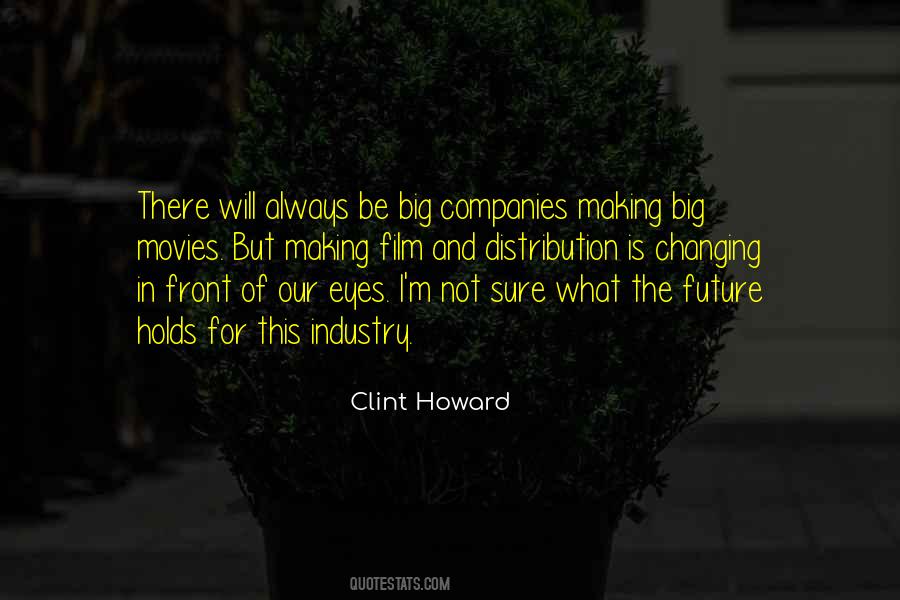 Clint Howard Quotes #1516189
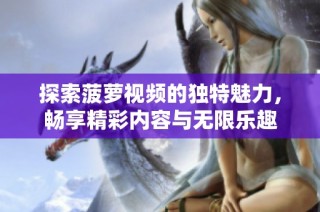 探索菠萝视频的独特魅力，畅享精彩内容与无限乐趣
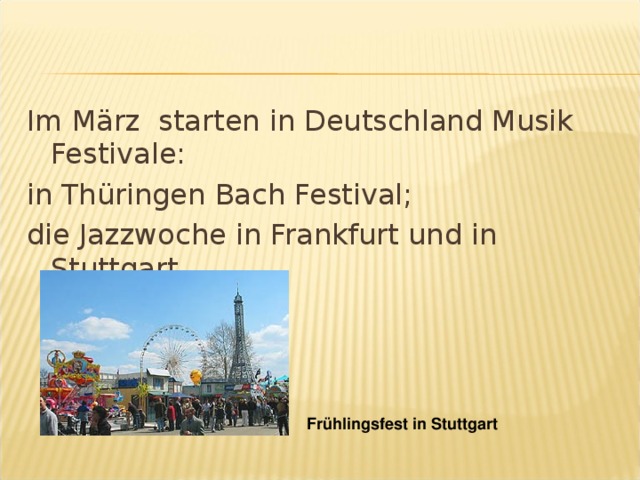 Im März starten in Deutschland Musik Festivale: in Thüringen Bach Festival; die Jazzwoche in Frankfurt und in Stuttgart. Frühlingsfest in Stuttgart 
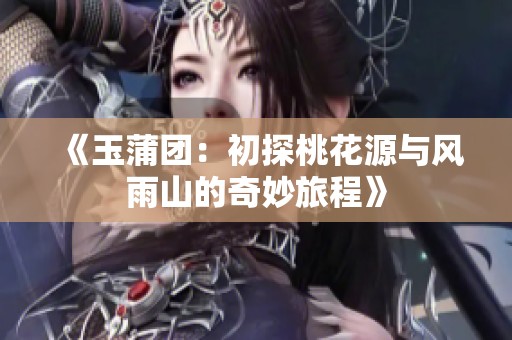 《玉蒲团：初探桃花源与风雨山的奇妙旅程》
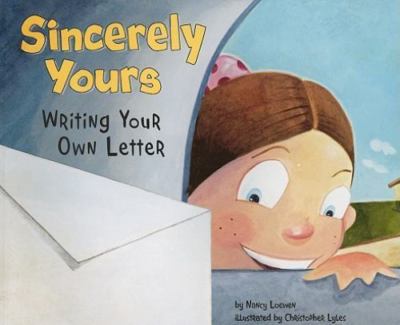 Sincerely Yours: Writing Your Own Letter; Writ- 9781404853393, paperback, Loewen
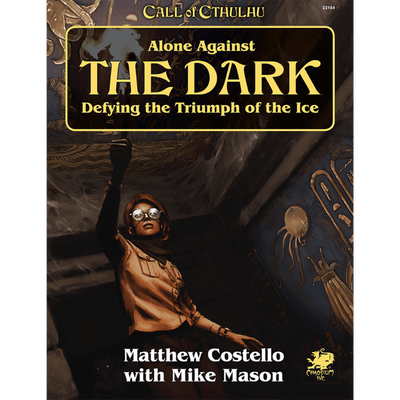Call of Cthulhu RPG: Alone Against the Dark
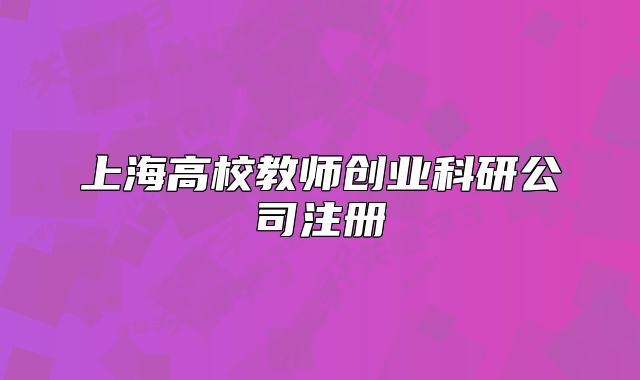 上海高校教师创业科研公司注册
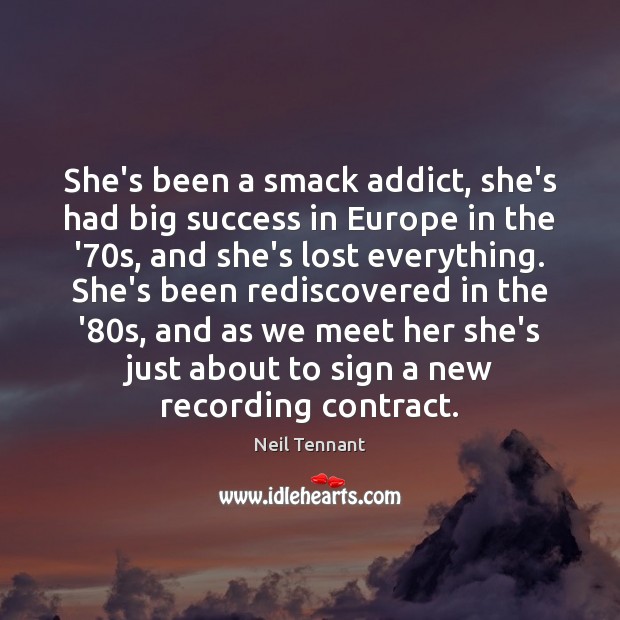 She’s been a smack addict, she’s had big success in Europe in Neil Tennant Picture Quote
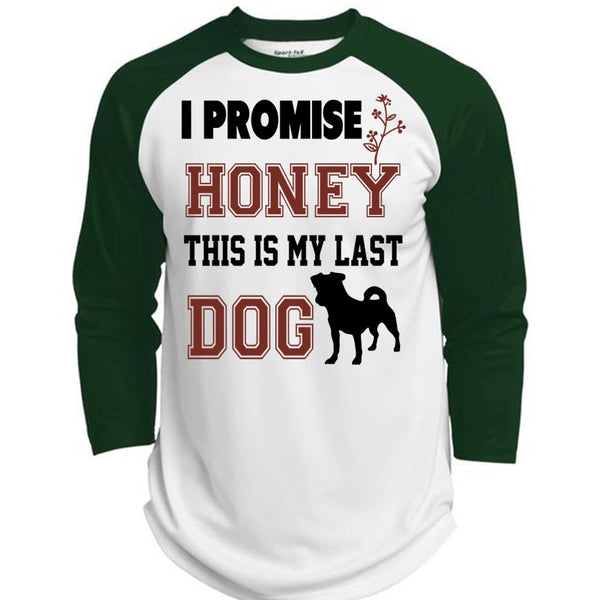 I Promise Honey This Is My Last Dog Shirt, Favorite T Shirt  (Polyester Game Baseball Jersey)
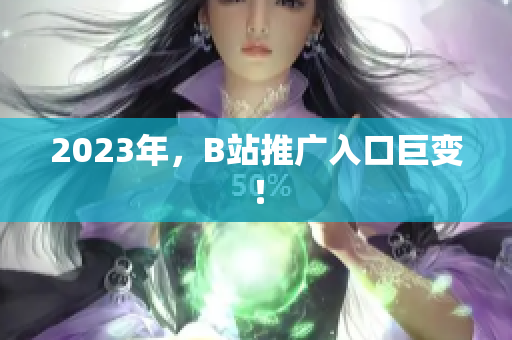 2023年，B站推广入口巨变！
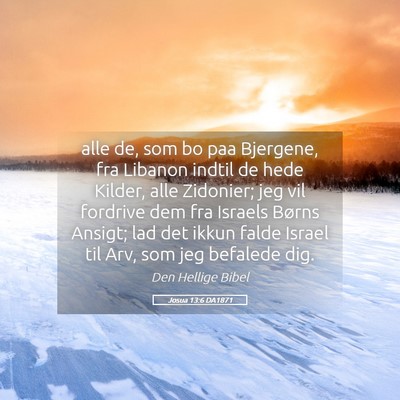 Picture 05 - Josua 13:6 DA1871 - alle de, som bo paa Bjergene, fra Libanon indtil - Bible Verse Picture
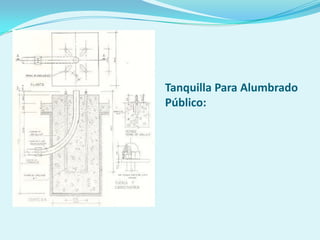 Tanquilla Para Alumbrado
Público:
 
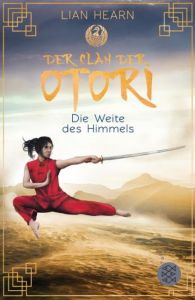 Der Clan der Otori - Die Weite des Himmels Hearn, Lian 9783733503208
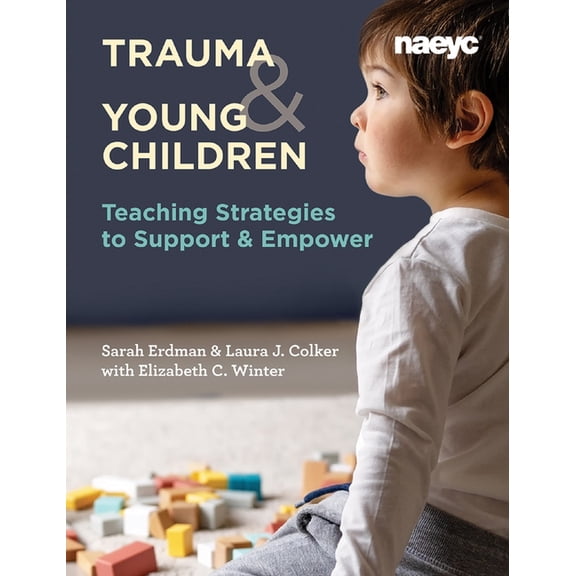 Trauma and Young Children: Teaching Strategies to Support and Empower, (Paperback)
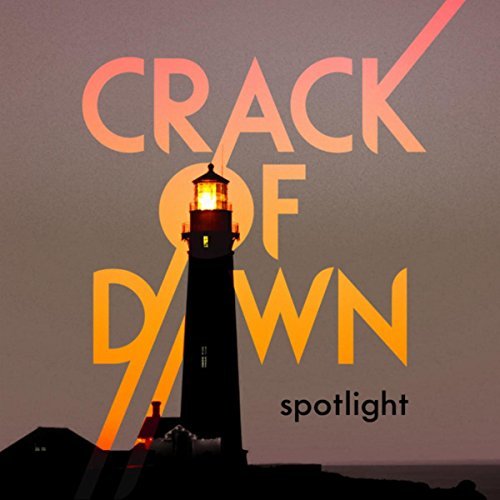 crack_of_dawn_spotlight.jpg
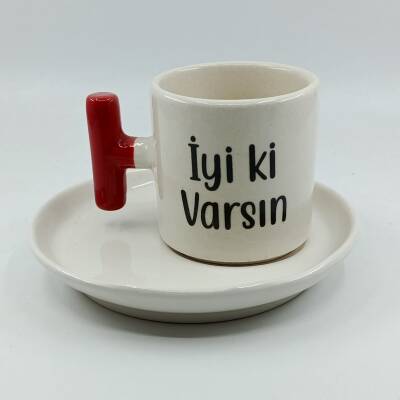 İYİ Kİ VARSIN-T TÜRK KAHVESİ FİNCANI - KIRMIZI SAP - 1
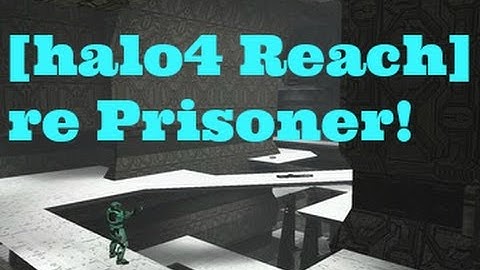 Halo Custom Edition Maps - Episode 10: [halo4 Reach]re Prisoner!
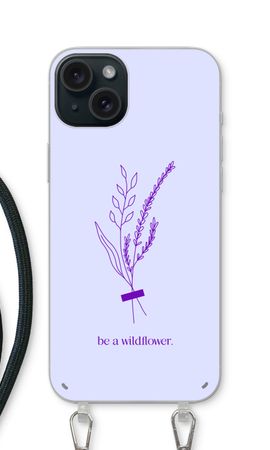 Be a wildflower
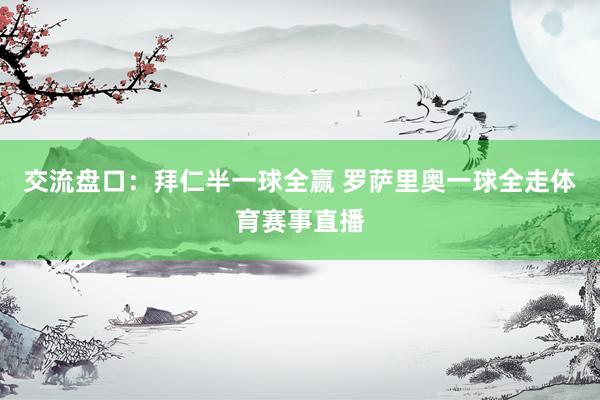交流盘口：拜仁半一球全赢 罗萨里奥一球全走体育赛事直播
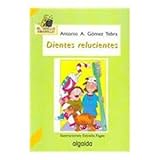 Image de Dientes relucientes (Infantil - Juvenil - El Grillo... - El Grillo Amarillo)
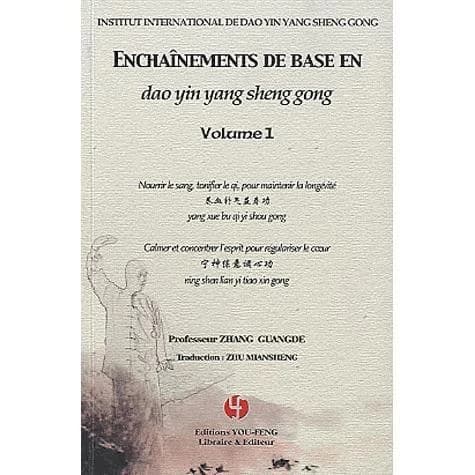 Enchaînements de base en dao yin yang sheng gong - Volume 1, Nourrir le sang, tonifier le qi, pour maintenir la longévité ; Calmer et concentrer l'esprit pour régulariser le coeur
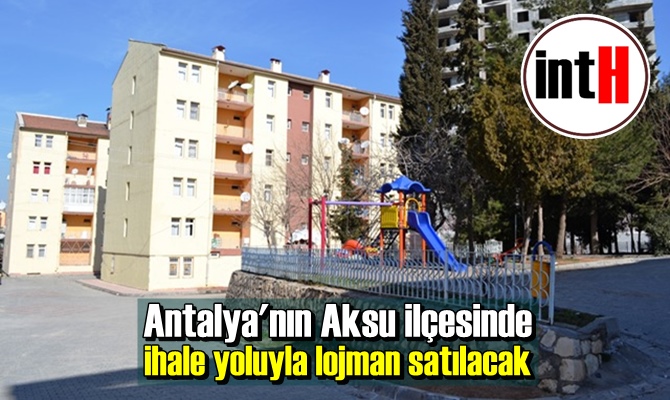 Antalya'nın Aksu ilçesinde ihale yoluyla lojman satılacak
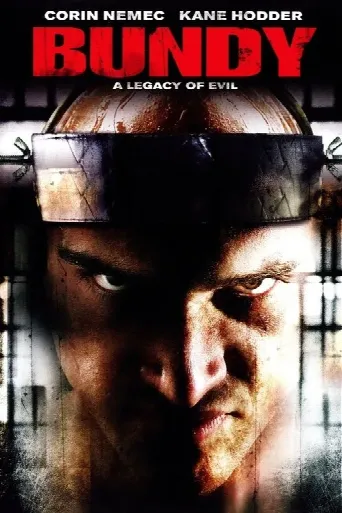 Bundy: A Legacy of Evil (2009) poster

════════

## Work instructions
Return exactly, and only, the lines that run from the line containing "Be a wildflower" to the last line of the entries above, both ends included, with pictures left out.

## Expected answer
 Be a wildflower
交流盘口：拜仁半一球全赢 罗萨里奥一球全走体育赛事直播
 Image de Dientes relucientes (Infantil - Juvenil - El Grillo... - El Grillo Amarillo)
 Enchaînements de base en dao yin yang sheng gong - Volume 1, Nourrir le sang, tonifier le qi, pour maintenir la longévité ; Calmer et concentrer l'esprit pour régulariser le coeur
 Antalya'nın Aksu ilçesinde ihale yoluyla lojman satılacak
 Bundy: A Legacy of Evil (2009) poster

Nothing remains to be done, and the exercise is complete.